The Metasploit Express interface walks through the process of scanning, exploiting, and bruteforcing a target network. Evidence can be quickly collected from compromised machines and fed back into the exploit and bruteforce tasks to go even further, using techniques like Pass-the-Hash and SSH key reuse. After the penetration test is complete, high-quality reports can be generated and used to report the findings and provide an audit log of every action taken during the test.
On October 20th, we launched Metasploit Pro, which builds on Metasploit Express to provide multi-user team support, social engineering campaigns, web application exploitation, advanced evasion techniques, and my personal favorite, VPN Pivoting. Where Metasploit Express is a great product for accelerating the penetration testing process, Metasploit Pro goes even further by enabling security teams to coordinate penetration tests through a central interface and conduct security tests at every level against the target network, from the human aspect (social engineering) down to the nitty gritty server-side exploits.
The VPN Pivot functionality in Metasploit Pro turns any compromised machine into a remote ethernet interface into the target network. This enables users to compromise an internal machine (say, through a browser exploit), and then use the VPN Pivot to continue to scan and exploit other internal machines behind the firewall.
Unlike other pivoting technologies, VPN Pivot can be used any network tool, as it creates a real interface on the Metasploit Pro system. This allows standard penetration testing and vulnerability assessments tools to be used over the interface created by Metasploit Pro. To cap things off, we added the ability do create custom reports, using the JasperSoft reporting engine and the iReport graphical report editor.
All three products share the same exploits, payloads, and libraries. The difference is the additional functionality, scalability, team support, and general scope of each tool. The Metasploit Framework is still a first class tool for exploit development and penetration testing, but the commercial products make it significantly easier to leverage these capabilities at a larger scale.
What are your plans for the near future? What features can Metasploit users look forward to?
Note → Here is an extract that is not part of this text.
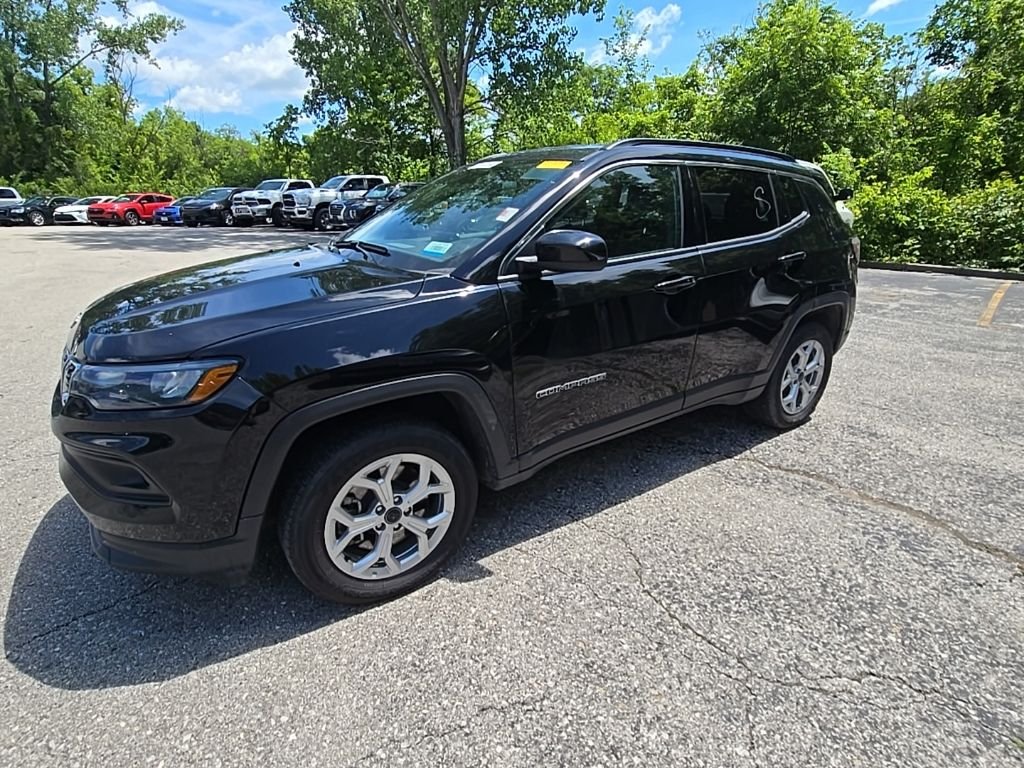 Used 2025 Jeep Compass Latitude with VIN 3C4NJDBN9ST527253 for sale in Kansas City
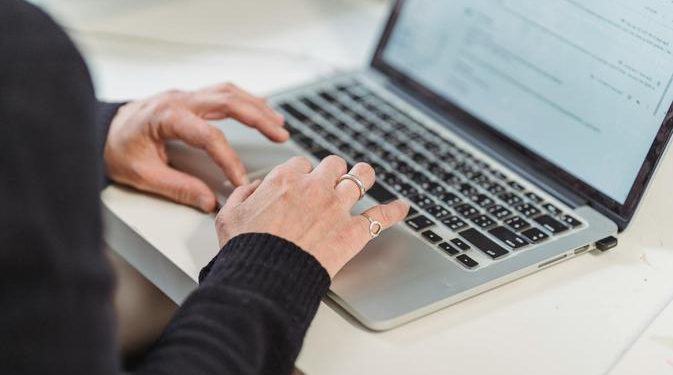 Apa itu BCC dalam Email dan Kapan Harus Menggunakannya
With the Metasploit 3.5.0 release (all products share the same version number), we are going head-first into web application security. This required a huge overhaul of the backend database and we still have additional work to do in updating our web modules and filling in the gaps where coverage is missing.
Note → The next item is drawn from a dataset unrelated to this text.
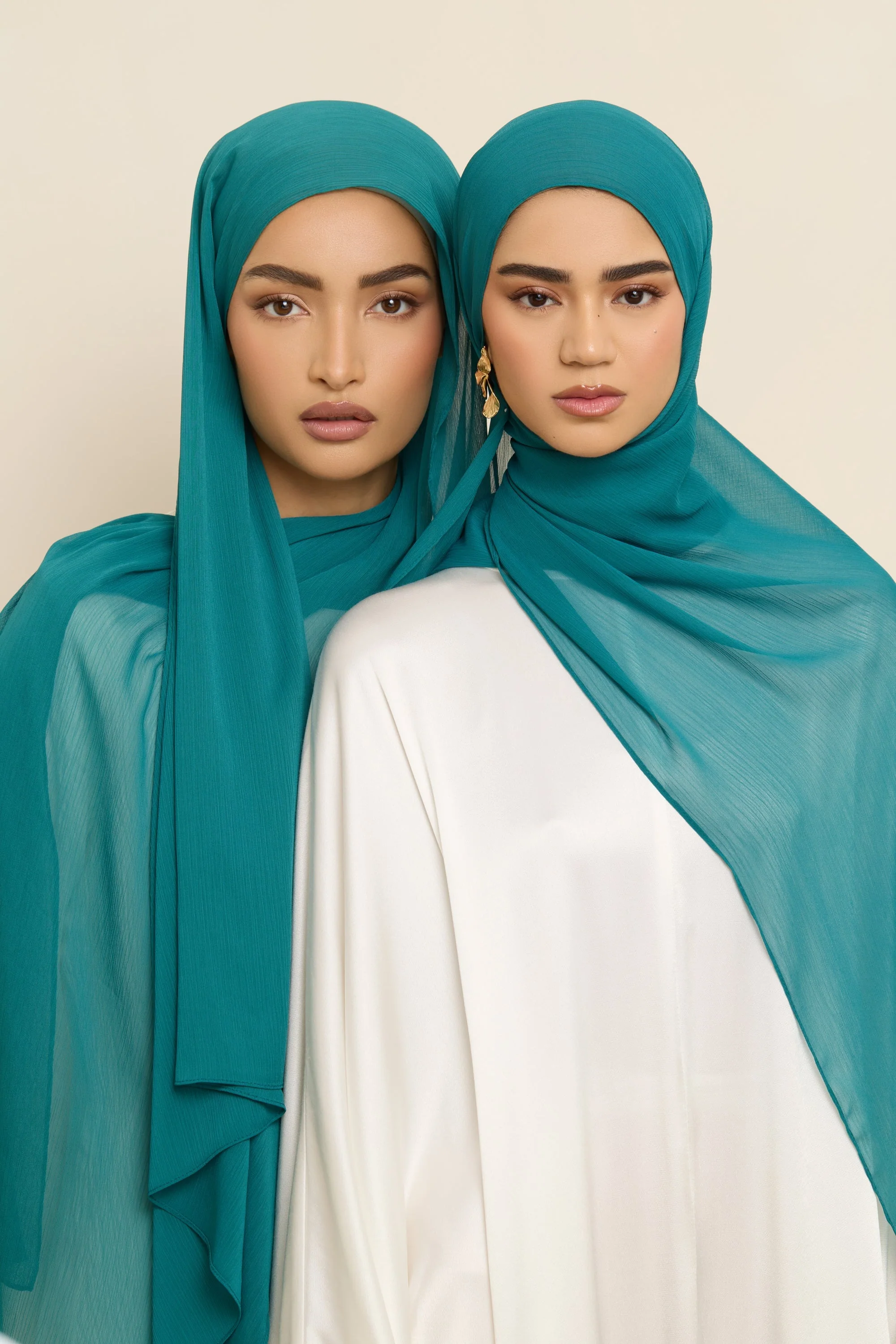 Chiffon Crinkle Hijab - Teal - Image 4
Most of my personal development work is focused on the web application testing capabilities of Metasploit and making sure that we can interoperate with the other products that our users leverage today.
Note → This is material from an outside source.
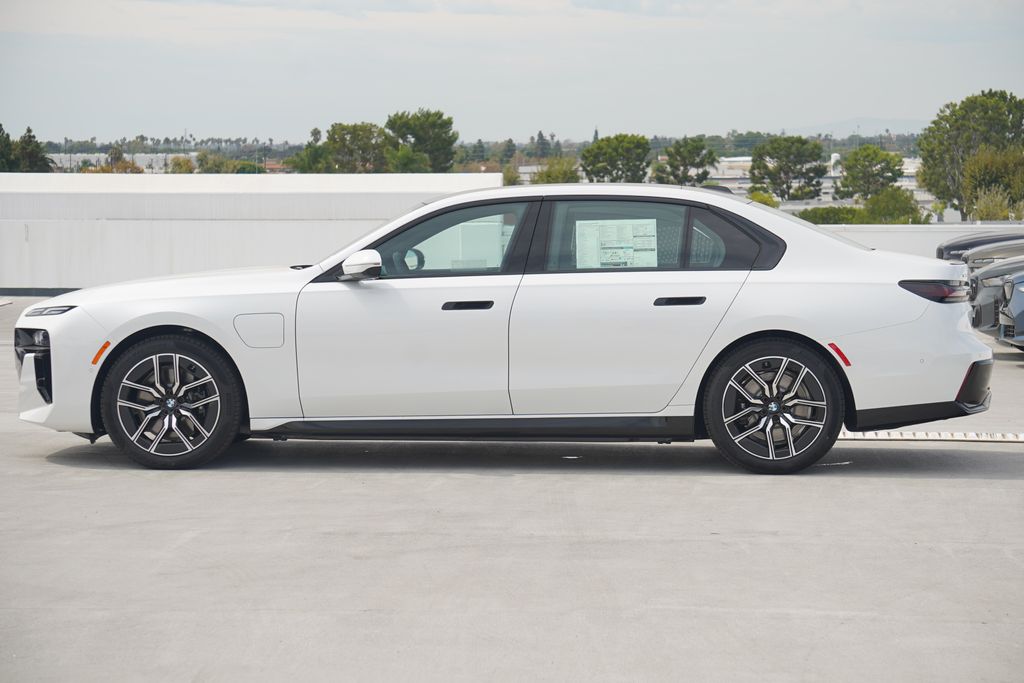 Thumbnail: 2026 BMW 7 Series - 4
On the payload side, we are slowly but surely expanding Meterpreter support to platforms beyond Windows. Philip Sanderson, one of our community developers, has done an amazing job of completing the POSIX Meterpreter payload, and we are in the process of integrating his work into the framework.
Over the last few months we have also added native PHP and Java payloads, making it easier than ever to obtain advanced functionality through web application and Java server vulnerabilities. We are still investing resources into exploit coverage; both through dedicated exploit engineer, and by working with the community to port more exploits to the Metasploit platform.